In Borges’ “La cifra” and the obverse of his “Poema“, both translated here earlier, the poet refers to Virgil. In the “Poem”, among the things brought with the hexameters of Virgil’s Æneid is “[l]a amistad de la luna“, “the friendship of the moon”, and “La cifra” opens with “[l]a amistad silenciosa de la luna / (cito mal a Virgilio)“, “the silent friendship of the moon / (I misquote Virgil)”.
He is making reference to line 255 in the second book of the Æneid, from the scene where the Greeks slip out from the Trojan horse to sack the city of Troy, making their way “tacitæ per amica silentia lunæ“, “unnoticed through the friendly silence of the moon”.
Borges’ interest seems only in the expression quite abstracted from the story’s context through his own fondness for the moon as evidenced in many of his other works. He returns to the expression many times.

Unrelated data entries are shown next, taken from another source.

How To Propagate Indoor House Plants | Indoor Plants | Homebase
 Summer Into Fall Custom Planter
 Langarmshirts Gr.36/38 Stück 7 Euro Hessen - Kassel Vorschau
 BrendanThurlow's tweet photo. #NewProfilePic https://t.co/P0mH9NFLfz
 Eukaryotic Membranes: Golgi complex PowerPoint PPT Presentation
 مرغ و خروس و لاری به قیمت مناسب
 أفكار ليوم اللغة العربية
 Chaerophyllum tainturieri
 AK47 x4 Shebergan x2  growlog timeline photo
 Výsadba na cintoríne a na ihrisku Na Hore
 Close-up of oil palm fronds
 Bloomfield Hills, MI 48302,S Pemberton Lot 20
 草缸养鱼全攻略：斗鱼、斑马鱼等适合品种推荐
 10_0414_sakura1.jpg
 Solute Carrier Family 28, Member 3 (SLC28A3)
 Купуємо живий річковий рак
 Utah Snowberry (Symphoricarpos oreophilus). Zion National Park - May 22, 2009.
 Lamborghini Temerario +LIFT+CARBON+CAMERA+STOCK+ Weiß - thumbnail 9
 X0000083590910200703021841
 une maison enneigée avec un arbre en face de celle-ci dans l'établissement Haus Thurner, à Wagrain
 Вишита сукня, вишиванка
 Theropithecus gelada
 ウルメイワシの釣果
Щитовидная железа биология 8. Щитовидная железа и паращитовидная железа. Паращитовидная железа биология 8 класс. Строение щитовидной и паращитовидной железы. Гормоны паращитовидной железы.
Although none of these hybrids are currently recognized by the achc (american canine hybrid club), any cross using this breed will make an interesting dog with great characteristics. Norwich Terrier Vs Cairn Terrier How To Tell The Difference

In his brief essay on Dante’s Purgatorio, I.13 (from Nueve ensayos dantescos ), he refers again to “el famoso hexámetro de La Eneida: «a Tenedo, tacitæ per amica silentia lunæ»” (“the famous hexameter from The Æneid: «from Tenedos, unnoticed through the friendly silence of the moon»”), comparing to it verse 60 of canto I of Dante’s Infierno, “mi ripigneva là dove ‘l sol tace“—”pushed me there where the sun is silent”.
In Borges’ defence, though he needs none, his misquotation isn’t as severe as that perpetrated by José Lezama Lima in Paradiso: “Pero con esperada frecuencia volvíamos al ternario, a unir sol, tierra y luna, aunque yo casi siempre me inclinaba a la luna silentiæ amicæ.” (In Gregory Rabassa’s translation, this reads “But with expected frequency we returned to the ternary, to unite sun, earth and moon, although I almost always leaned toward the silent friendship of the moon”, though his translation is incorrect for the Latin.)